Estimating a DCA Model from Data

The rest of the demo consists of creating the estimator parameters and then running it over the training data. The parameters are set up just as in logistic regression, with:

...
    double priorVariance = 4.0;
    boolean nonInformativeIntercept = true;
    RegressionPrior prior 
        = RegressionPrior.gaussian(priorVariance,nonInformativeIntercept);
    int priorBlockSize = 100;
        
    double initialLearningRate = 0.1;
    double decayBase = 0.99;
    AnnealingSchedule annealingSchedule
        = AnnealingSchedule.exponential(initialLearningRate,decayBase);

    double minImprovement = 0.00001;
    int minEpochs = 5;
    int maxEpochs = 500;
        
    Reporter reporter = Reporters.stdOut().setLevel(LogLevel.DEBUG);
...

Then we call the static estimate method on the dca.DiscreteChooser class:

...
    DiscreteChooser chooser
        = DiscreteChooser.estimate(alternativess,
                                   choices,
                                   prior,
                                   priorBlockSize,
                                   annealingSchedule,
                                   minImprovement,
                                   minEpochs,
                                   maxEpochs,
                                   reporter);
...

The estimated model is then assigned to the variable chooser.
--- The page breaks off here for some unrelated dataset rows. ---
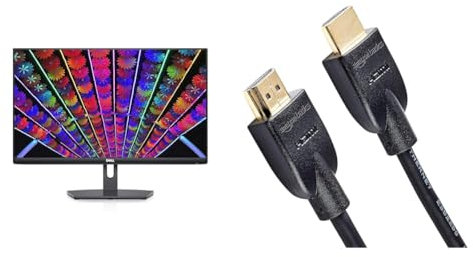 Dell S2421NX 24 Inch Full HD (1920x1080) Monitor, 75Hz, IPS, 4ms, AMD FreeSync & Amazon Basics HDMI Cable, 18Gbps High-Speed, 4K@60Hz, 2160p, Ethernet Ready, 7.6 m, Black
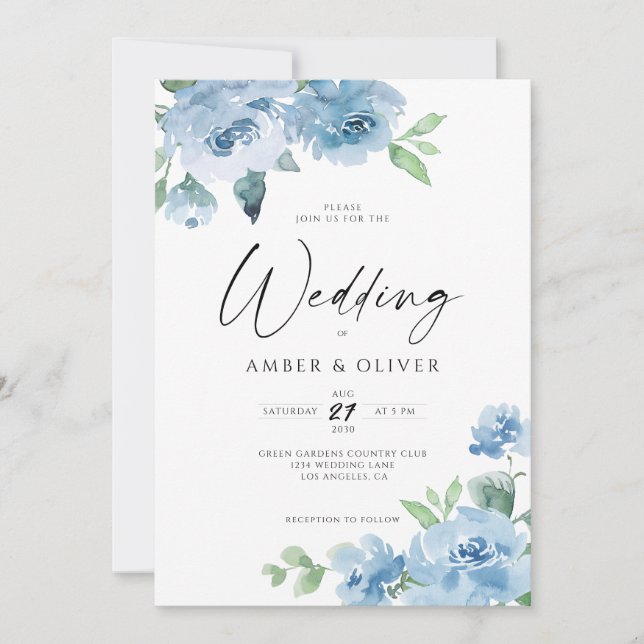 Invitación Elegante azul claro Floral Baby Blue Boho Boda (Anverso)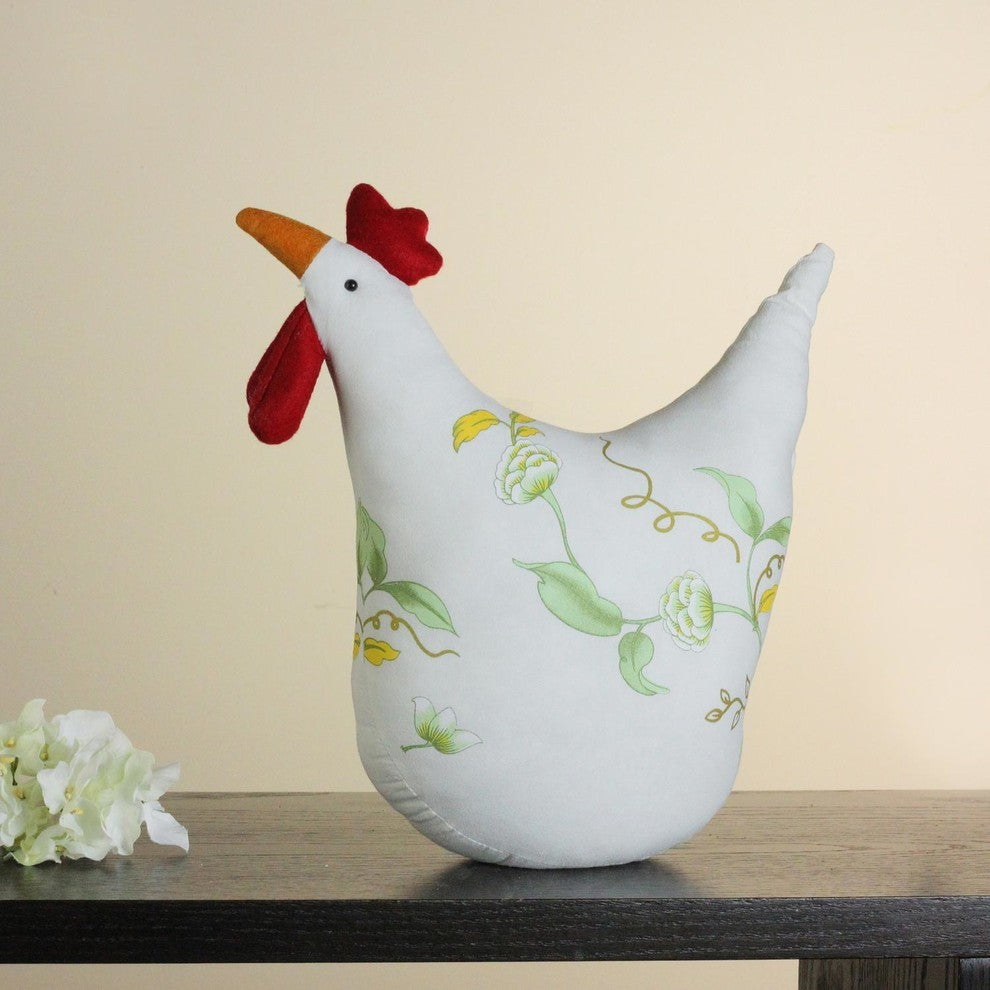 12" White Soft Green and Yellow Floral Rooster Chicken Spring Decoration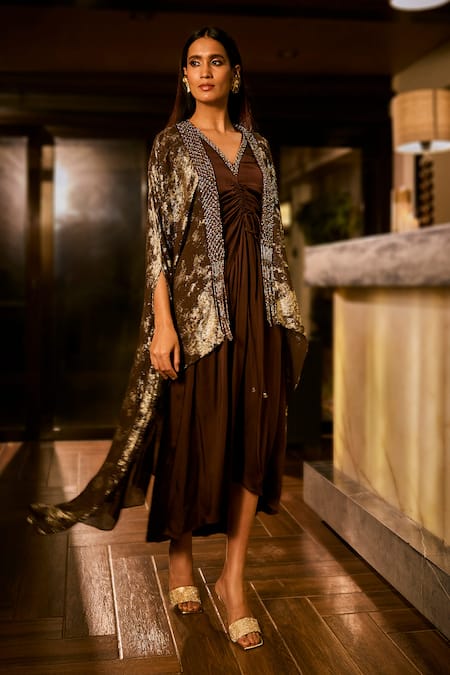 Babita Malkani_Chocolate Georgette V-neck, Open Crystal And Sequins Embroidered Dress With Cape _Online_at_Aza_Fashions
Its parameters are printed along with the simulated value with:

...
        Vector coeffVector = chooser.coefficients();
        System.out.println("\nACTUAL coeffs=" + simCoeffVector);
        System.out.println("FIT coeffs=" + coeffVector);
    }

Serialization

A discrete chooser may be serialized.

Training with Objects and Feature Extractors

Object based training data replaces the alternative vectors in the two-dimensional array alternativess with a two-dimensional array of objects and a feature extractor. A symbol table is used to convert the training data into vectors, and then the basic DCA estimator is called, again, just like for logistic regression.